* **AIM OF THE EXERCISE**
Each line from the one containing "Смерть Моим Двадцатилетним" to the end of the data must be copied exactly, the first and last included; no other lines and no pictures belong in the copy.

##### DATA BLOCK

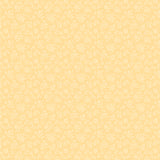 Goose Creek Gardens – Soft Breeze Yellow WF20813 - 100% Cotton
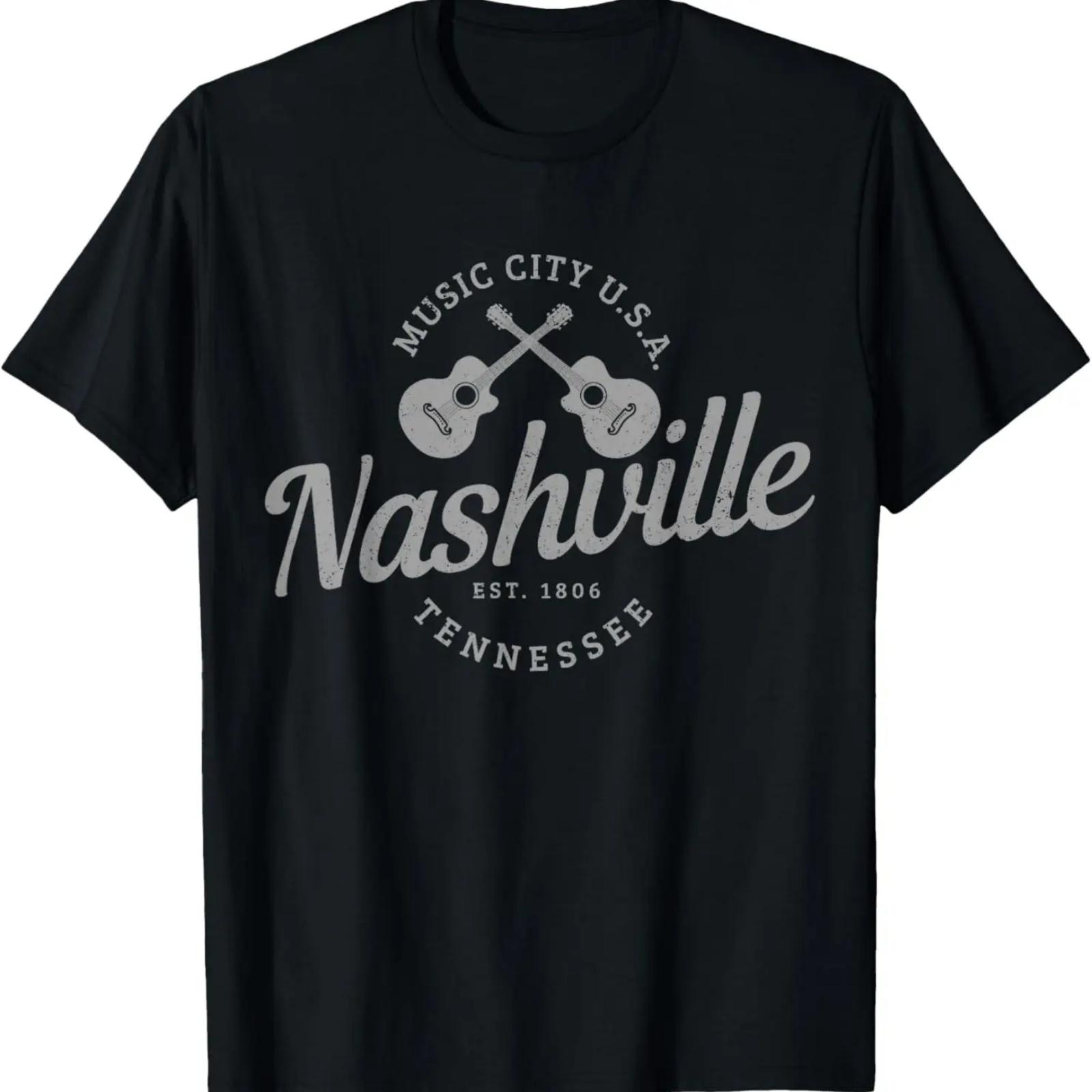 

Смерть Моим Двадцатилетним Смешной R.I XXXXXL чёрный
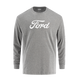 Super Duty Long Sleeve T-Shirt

##########

* **SOLVED PROBLEM**
Смерть Моим Двадцатилетним Смешной R.I XXXXXL чёрный
 Super Duty Long Sleeve T-Shirt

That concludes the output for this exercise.